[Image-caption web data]
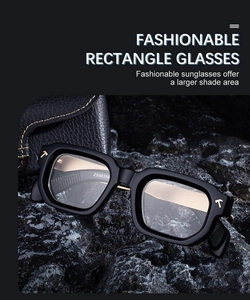 Detail of square black sunglasses with metallic T-shaped accents on dark textured rocks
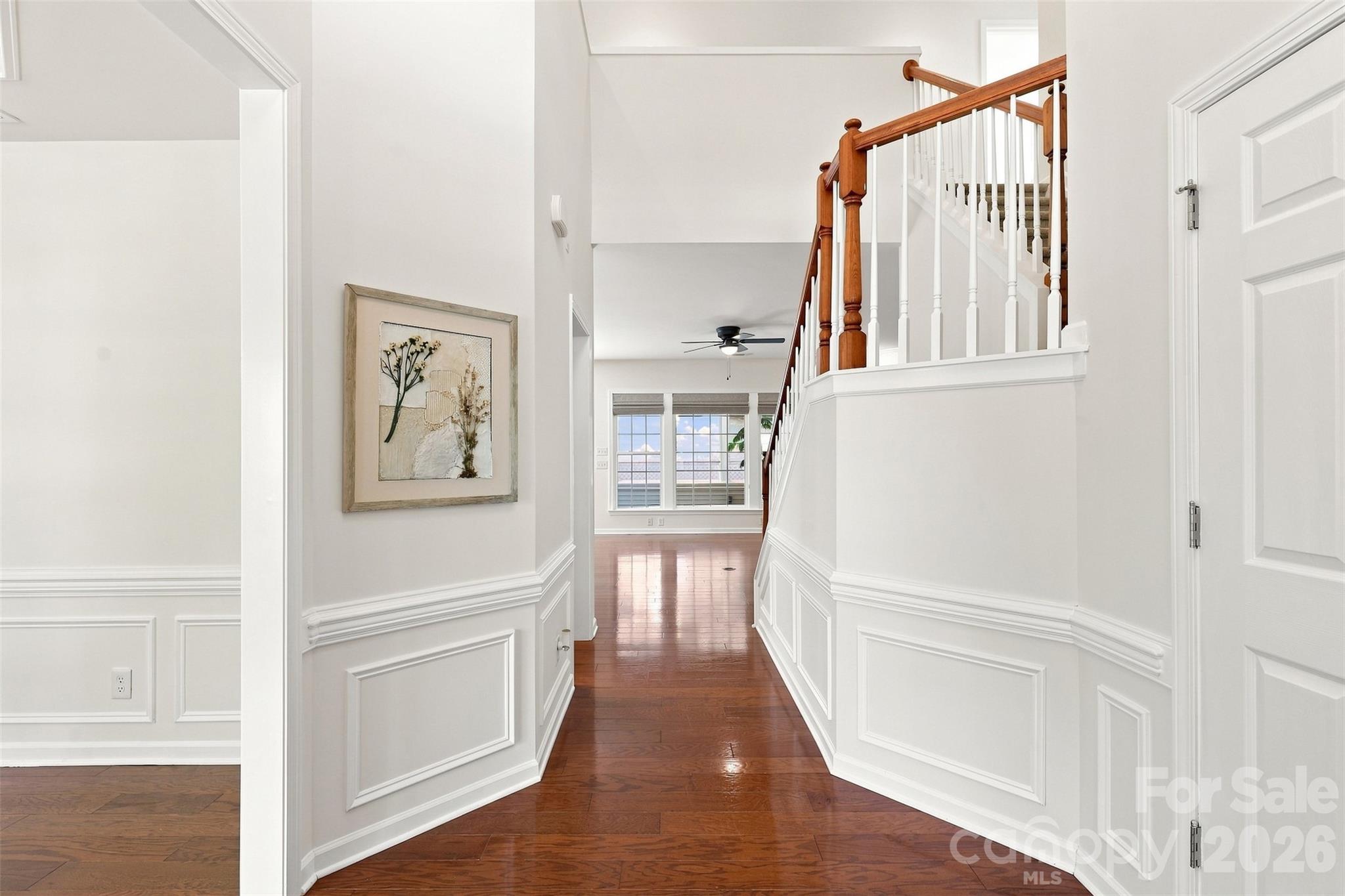 Impressive two-story foyer welcomes you with gleaming hardwood floors and elegant picture-frame molding - 10345 Scotland Avenue, Indian Land
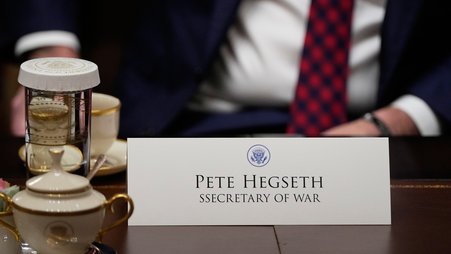 A close up of a name card on a table that reads "Pete Hegseth" and "SSecretary of War" with "secretary" misspelled with two s's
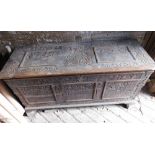 A large 17thC carved poker work walnut coffer, the lid with iron strap hinges and carved figural and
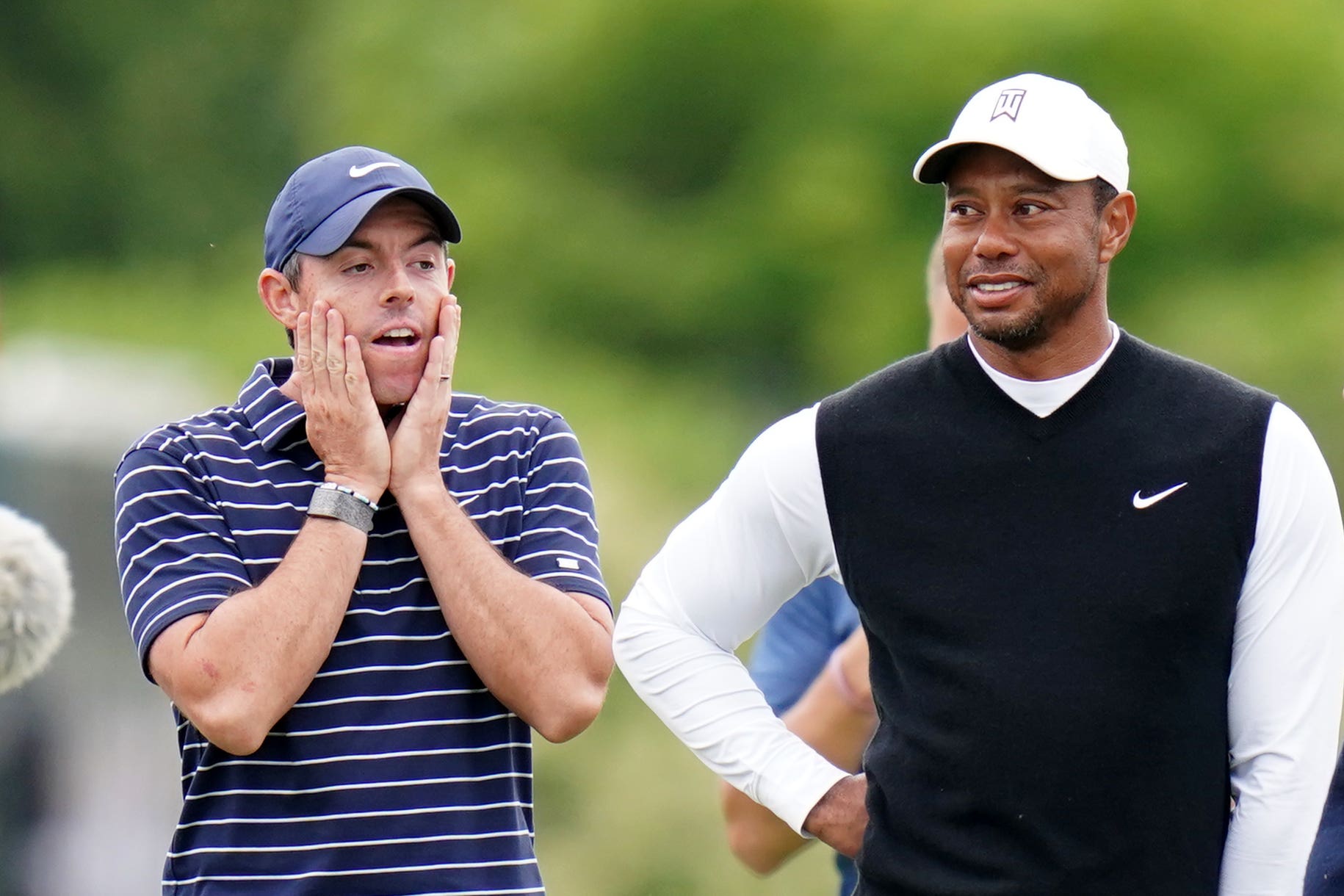 Tiger Woods (right) knows Rory McIlroy will have to deal with ‘raw emotion’ after the US Open for some time (Jane Barlow/PA)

- Problem to work on -
Each line from the one holding "A close up of" to the end of the records above must be copied exactly; the pictures must not be copied.

- Solution -
 A close up of a name card on a table that reads "Pete Hegseth" and "SSecretary of War" with "secretary" misspelled with two s's
 A large 17thC carved poker work walnut coffer, the lid with iron strap hinges and carved figural and
 Tiger Woods (right) knows Rory McIlroy will have to deal with ‘raw emotion’ after the US Open for some time (Jane Barlow/PA)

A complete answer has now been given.